====== Source data

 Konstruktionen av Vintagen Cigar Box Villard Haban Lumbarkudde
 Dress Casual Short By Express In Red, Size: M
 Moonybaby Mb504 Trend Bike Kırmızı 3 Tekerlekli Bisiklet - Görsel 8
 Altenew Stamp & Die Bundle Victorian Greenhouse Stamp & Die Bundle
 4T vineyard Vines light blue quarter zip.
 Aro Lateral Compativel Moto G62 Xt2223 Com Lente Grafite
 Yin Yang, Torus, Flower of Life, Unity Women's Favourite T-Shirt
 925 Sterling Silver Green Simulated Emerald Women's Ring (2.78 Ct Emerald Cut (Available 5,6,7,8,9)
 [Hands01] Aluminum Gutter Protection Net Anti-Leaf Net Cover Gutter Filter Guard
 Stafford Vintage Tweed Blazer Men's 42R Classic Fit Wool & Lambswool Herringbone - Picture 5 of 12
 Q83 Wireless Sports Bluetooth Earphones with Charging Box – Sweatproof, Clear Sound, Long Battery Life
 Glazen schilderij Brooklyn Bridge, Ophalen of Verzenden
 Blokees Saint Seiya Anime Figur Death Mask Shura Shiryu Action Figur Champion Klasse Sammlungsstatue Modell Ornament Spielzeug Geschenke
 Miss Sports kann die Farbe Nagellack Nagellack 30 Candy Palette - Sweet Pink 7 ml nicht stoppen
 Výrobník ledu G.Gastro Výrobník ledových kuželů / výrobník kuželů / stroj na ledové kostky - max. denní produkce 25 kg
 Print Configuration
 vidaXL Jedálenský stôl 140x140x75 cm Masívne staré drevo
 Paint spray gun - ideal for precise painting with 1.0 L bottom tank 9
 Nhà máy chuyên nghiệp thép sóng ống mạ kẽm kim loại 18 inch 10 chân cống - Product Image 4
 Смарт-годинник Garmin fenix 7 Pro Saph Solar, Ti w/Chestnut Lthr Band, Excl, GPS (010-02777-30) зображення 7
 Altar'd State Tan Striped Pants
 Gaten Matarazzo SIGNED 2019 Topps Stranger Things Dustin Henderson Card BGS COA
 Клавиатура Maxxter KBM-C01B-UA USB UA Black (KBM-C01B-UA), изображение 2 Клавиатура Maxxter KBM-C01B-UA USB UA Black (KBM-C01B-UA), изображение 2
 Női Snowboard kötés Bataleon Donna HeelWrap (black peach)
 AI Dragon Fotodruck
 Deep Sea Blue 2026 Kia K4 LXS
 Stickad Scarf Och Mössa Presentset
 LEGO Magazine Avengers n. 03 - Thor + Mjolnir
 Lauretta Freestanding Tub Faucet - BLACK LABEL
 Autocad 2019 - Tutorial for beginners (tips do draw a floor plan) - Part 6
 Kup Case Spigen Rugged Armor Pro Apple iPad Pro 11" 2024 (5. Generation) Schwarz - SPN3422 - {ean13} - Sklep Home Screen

============

From the records above, print exactly the lines that run from the line with "vidaXL Jedálenský stôl" to the line with "Lauretta Freestanding Tub", inclusive.

 vidaXL Jedálenský stôl 140x140x75 cm Masívne staré drevo
 Paint spray gun - ideal for precise painting with 1.0 L bottom tank 9
 Nhà máy chuyên nghiệp thép sóng ống mạ kẽm kim loại 18 inch 10 chân cống - Product Image 4
 Смарт-годинник Garmin fenix 7 Pro Saph Solar, Ti w/Chestnut Lthr Band, Excl, GPS (010-02777-30) зображення 7
 Altar'd State Tan Striped Pants
 Gaten Matarazzo SIGNED 2019 Topps Stranger Things Dustin Henderson Card BGS COA
 Клавиатура Maxxter KBM-C01B-UA USB UA Black (KBM-C01B-UA), изображение 2 Клавиатура Maxxter KBM-C01B-UA USB UA Black (KBM-C01B-UA), изображение 2
 Női Snowboard kötés Bataleon Donna HeelWrap (black peach)
 AI Dragon Fotodruck
 Deep Sea Blue 2026 Kia K4 LXS
 Stickad Scarf Och Mössa Presentset
 LEGO Magazine Avengers n. 03 - Thor + Mjolnir
 Lauretta Freestanding Tub Faucet - BLACK LABEL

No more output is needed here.